SFB/FK-427 Medien und kulturelle Kommunikation

Prof. Dr. Michael Hagner

Gastprofessur SS 2006

Vom 01. April bis zum 30. April 2006 ist Prof. Dr. Michael Hagner zu Gast beim Kulturwissenschaftlichen Forschungskolleg. Im Rahmen seines Aufenthalts finden folgende Veranstaltungen statt:

Sexualität und Medien 1903. Ein päderastisches Verbrechen und seine Folgen

Vortrag

Massenmedien haben seit ihren Anfängen Vorstellungen und Bewertungen der Sexualität und der Sexualpathologie mitgeprägt. Was als normal, pervers oder auch kriminell zu verstehen sei, wird im öffentlichen Raum verhandelt und nicht hinter verschlossenen Türen. Selbstverständlich haben Sexualwissenschaften, Psychiatrie und die biomedizinischen Wissenschaften gewichtige Anteile an der Definitionsmacht von Sexualität, doch darüber wird leicht übersehen, dass diese Wissenschaften selbst durch die Medien kontaminiert sind. Diese These wird am Beispiel eines aufsehenerregenden Kriminalfalls aus dem Jahre 1903 illustriert. Ein Hauslehrer misshandelte das Kind einer hochstehenden Persönlichkeit zu Tode, und erst durch die in der Presse des deutschen Kaiserreichs kolportierte Geschichte konnte dieser Fall zum Modell für den später in Psychiatrie und Sexualwissenschaften kanonisierten "sexuellen Flagellantismus" werden.

Dienstag, 04.04.2006, 18.15 Uhr
Konferenzraum des Kollegs, Pohligstr. 1, 50969 Köln

Visualisierung des Gehirns

Workshop

Das Verständnis der Gehirnfunktionen ist weniger elaborierten Theorien als vielmehr technischen Verfahren und Darstellungsformen geschuldet, die immer wieder neue Einsichten ins Gehirn versprechen. Das beginnt mit den Lokalisationstheorien und der Neuronenlehre des 19. Jahrhunderts und reicht bis zu den heute gängigen Visualisierungen des Gehirns, die uns inzwischen als florierende Bindestrichwissenschaften (Neuroökonomie, Neuropädagogik, Neuroästhetik usw.) Aufklärung über uns selbst versprechen.
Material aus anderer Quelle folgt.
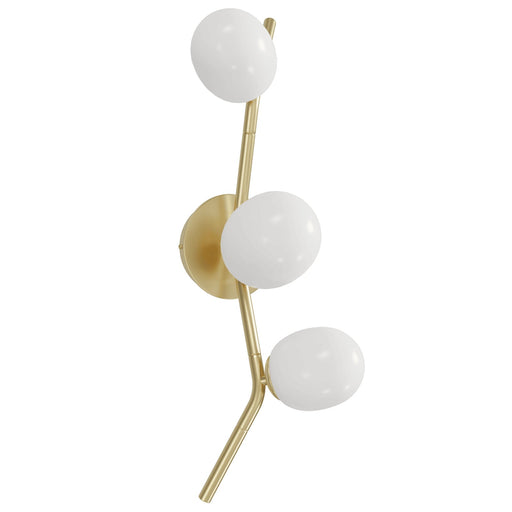 Wall Sconce Avenue Lighting HF4803-WHT Hampton 3-Light 22"H Wall Sconce Brass/White Glass in Brushed Brass Avenue Lighting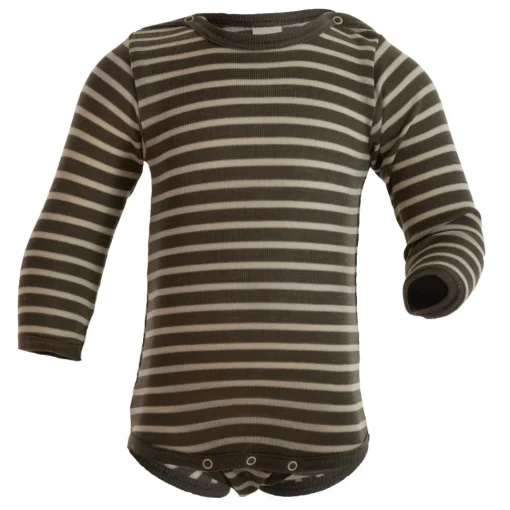 Engel Natur | Romper Longsleeve Wol/Zijde | Olive + Naturel Stripe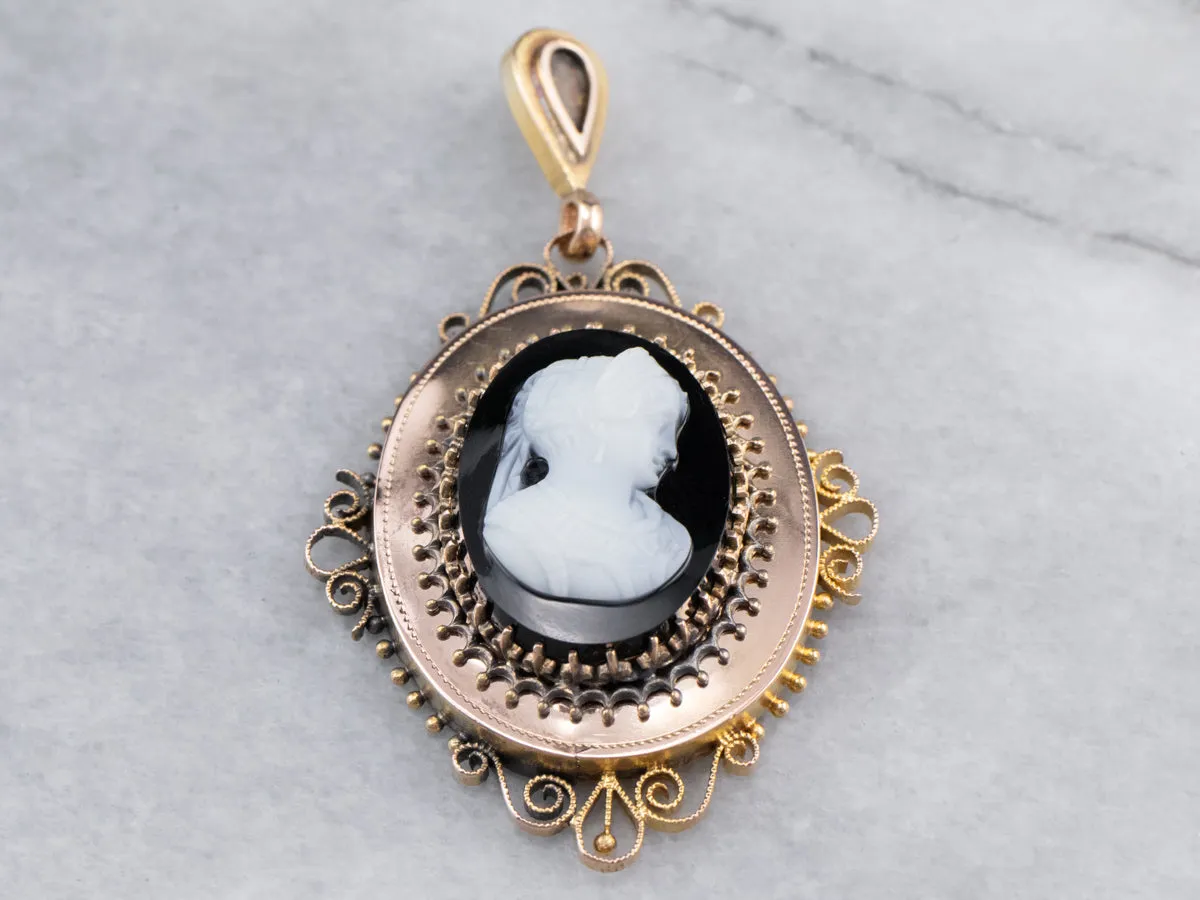 Antique Onyx Cameo Gold Pendant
Faszination und Überzeugungskraft dieses Bereichs der kognitiven Neurowissenschaften funktionieren jedoch nur deswegen so gut, weil im Schlepptau des Neuroimaging anthropologische Vorstellungen und Theorien aus dem 19. und 20. Jahrhundert reaktiviert werden, die einerseits Ausdruck einer sozialen und wissenschaftlichen Amnesie sind, andererseits zeigen, dass sich theoretische Ratlosigkeit wenigstens eine Zeit lang hinter der vermeintlichen Evidenz der Bilder verbergen kann.
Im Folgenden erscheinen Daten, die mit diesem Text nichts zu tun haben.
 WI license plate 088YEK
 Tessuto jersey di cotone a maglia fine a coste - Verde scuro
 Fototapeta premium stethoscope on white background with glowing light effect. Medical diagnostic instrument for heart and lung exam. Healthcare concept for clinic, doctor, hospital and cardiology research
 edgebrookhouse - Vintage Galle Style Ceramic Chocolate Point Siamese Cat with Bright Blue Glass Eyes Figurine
Donnerstag, 20.04.2006, 14.15-18.00 Uhr
Konferenzraum des Kollegs, Pohligstr. 1, 50969 Köln

Konferenz "Spektakel der Normalisierung" - Die Normalisierung der Monstrositäten oder: Wie monströs ist das Normale?

Keynote

Donnerstag, 27.04.2006, 18 Uhr c.t.
Universität zu Köln, Albertus-Magnus-Platz, Hauptgebäude, Neuer Senatssaal


Michael Hagner ist seit 2003 Professor für Wissenschaftsforschung an der ETH Zürich. Zuvor war der promovierte Mediziner, der sich 1994 am Institut für Geschichte der Medizin der Universität Göttingen habilitierte, sechs Jahre lang permament research fellow am Max-Planck-Institut für Wissenschaftsgeschichte in Berlin. Er hat u.a. zu Theorien des Sehens, zu Fragen der Repräsentation in der Wissenschaftsgeschichte, zur Geschichte der Elitegehirnforschung und zu Funktionen und Leistungen epistemischer Bilder geforscht und zahlreiche Publikationen vorgelegt. In jüngster Zeit hat Michael Hagner die Studie Geniale Gehirne (2004) veröffentlicht sowie den Band Einstein on the Beach (2005) herausgegeben.